Canadian mama to A (C/S May 2004) and R (induced VBAC Dec 2007) expecting #3 in July. Currently obsessing over permaculture, photography and beekeeping.
Reviving this old thread is definitely useful, but since the OP hasn't been online in 2 years, I doubt she'll see this.
I like to garden barehanded at home, but having been a professional gardener, there is a definite practicality to gloves, even for tasks that I don't normally pull on the gloves for at home.
I like the bath soaks. DH's hands have permanent ground-in dirt. He does get cracked hands, and Bag Balm seems to be the only thing that helps. Keeping fingernails short (really short) helps a little to prevent too much getting stuck in there. Heavy-duty hand brushes and good enough, I say.

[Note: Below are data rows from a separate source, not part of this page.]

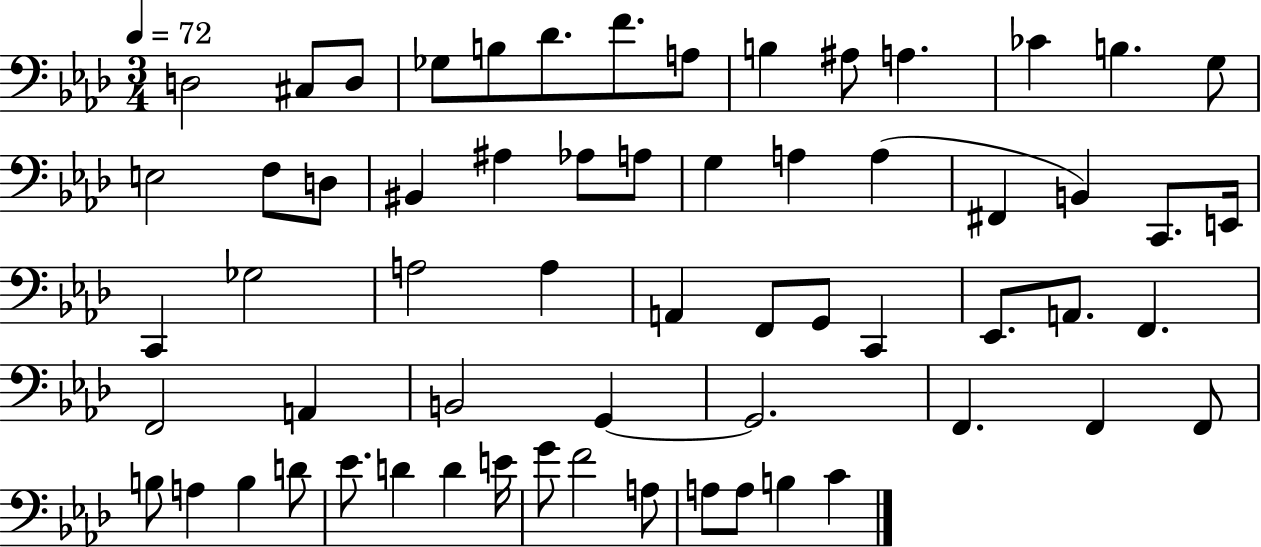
D3/h C#3/e D3/e Gb3/e B3/e Db4/e. F4/e. A3/e B3/q A#3/e A3/q. CES4/q B3/q. G3/e E3/h F3/e D3/e BIS2/q A#3/q Ab3/e A3/e G3/q A3/q A3/q F#2/q B2/q C2/e. E2/s C2/q Gb3/h A3/h A3/q A2/q F2/e G2/e C2/q Eb2/e. A2/e. F2/q. F2/h A2/q B2/h G2/q G2/h. F2/q. F2/q F2/e B3/e A3/q B3/q D4/e Eb4/e. D4/q D4/q E4/s G4/e F4/h A3/e A3/e A3/e B3/q C4/q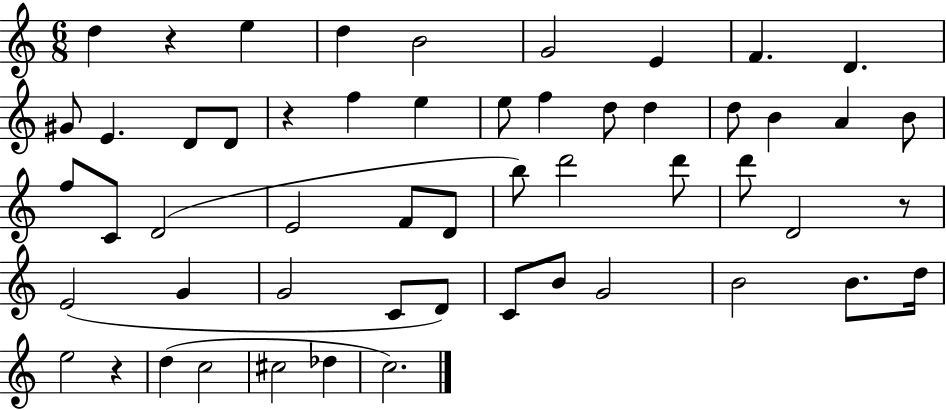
{
  \clef treble
  \numericTimeSignature
  \time 6/8
  \key c \major
  d''4 r4 e''4 | d''4 b'2 | g'2 e'4 | f'4. d'4. | \break gis'8 e'4. d'8 d'8 | r4 f''4 e''4 | e''8 f''4 d''8 d''4 | d''8 b'4 a'4 b'8 | \break f''8 c'8 d'2( | e'2 f'8 d'8 | b''8) d'''2 d'''8 | d'''8 d'2 r8 | \break e'2( g'4 | g'2 c'8 d'8) | c'8 b'8 g'2 | b'2 b'8. d''16 | \break e''2 r4 | d''4( c''2 | cis''2 des''4 | c''2.) | \break \bar "|."
}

My hands have been depressingly clean this last year. I am looking forward to the next 2 weeks to get those hands both in the dirt and in those gloves. I have blackberries to weed out, a viciously thorny (and gorgeous) rose to transplant. I do hate wearing the gloves as they make my hands hot and sweaty, so I do prefer to go without when I can. Can't always!

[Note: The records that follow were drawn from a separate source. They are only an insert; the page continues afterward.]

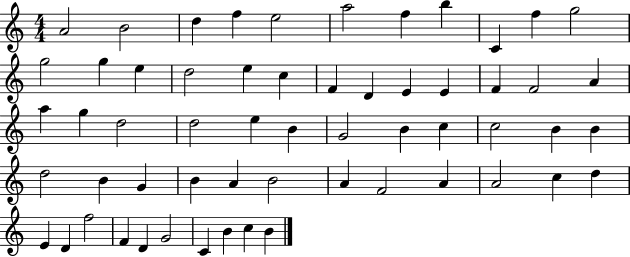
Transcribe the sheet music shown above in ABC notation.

X:1
T:Untitled
M:4/4
L:1/4
K:C
A2 B2 d f e2 a2 f b C f g2 g2 g e d2 e c F D E E F F2 A a g d2 d2 e B G2 B c c2 B B d2 B G B A B2 A F2 A A2 c d E D f2 F D G2 C B c B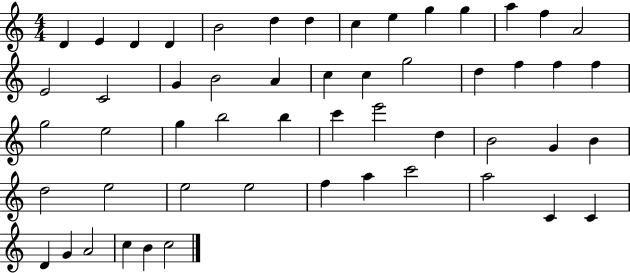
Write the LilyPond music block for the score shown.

{
  \clef treble
  \numericTimeSignature
  \time 4/4
  \key c \major
  d'4 e'4 d'4 d'4 | b'2 d''4 d''4 | c''4 e''4 g''4 g''4 | a''4 f''4 a'2 | \break e'2 c'2 | g'4 b'2 a'4 | c''4 c''4 g''2 | d''4 f''4 f''4 f''4 | \break g''2 e''2 | g''4 b''2 b''4 | c'''4 e'''2 d''4 | b'2 g'4 b'4 | \break d''2 e''2 | e''2 e''2 | f''4 a''4 c'''2 | a''2 c'4 c'4 | \break d'4 g'4 a'2 | c''4 b'4 c''2 | \bar "|."
}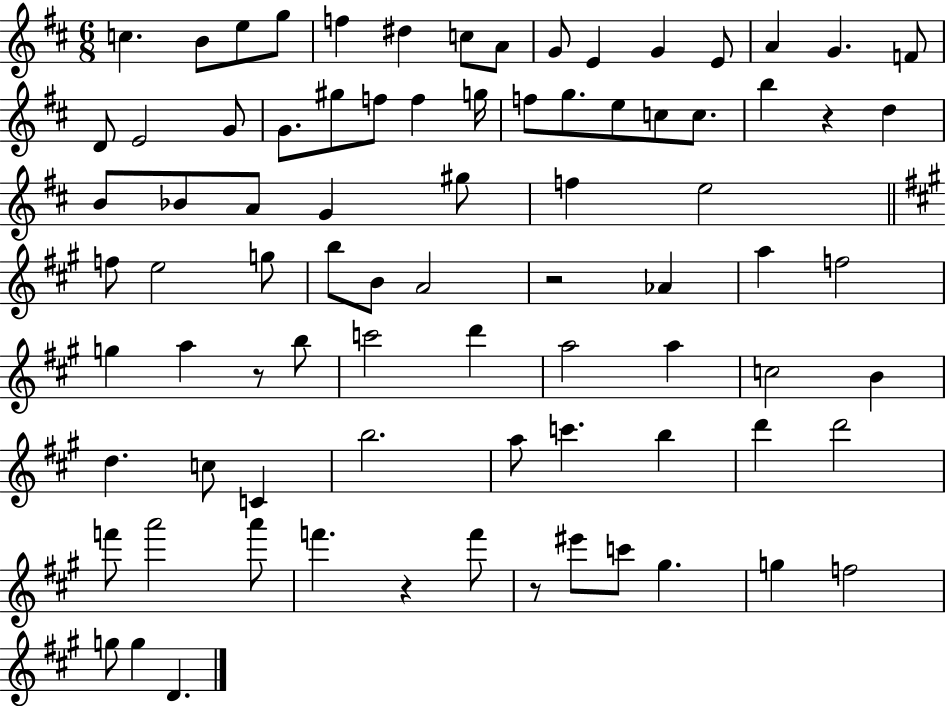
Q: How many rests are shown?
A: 5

And even though it was meant for a fun title, I'd like to add that "Real Gardeners Couldn't Give A Rip if People Think They Aren't Real Gardeners For Wearing Gloves Because Gloves Are Damn Useful Because When You Come Home From Gardening For Others All Day, The First Thing You Want To Do Do When You Get Home Is Do Work In Your Own Garden And Your Hands Appreciate A Little Respect"
Give me a few minutes while I caffeinate.
Lol! We are 'decluttering', a word so inadequate to describe this undertaking. I've been sorting dusty, rusty, filthy things in the garage. Washing hands over and over, my hands were literally hurting. So now I wear either my work gloves or disposable medical-type gloves, as much as possible.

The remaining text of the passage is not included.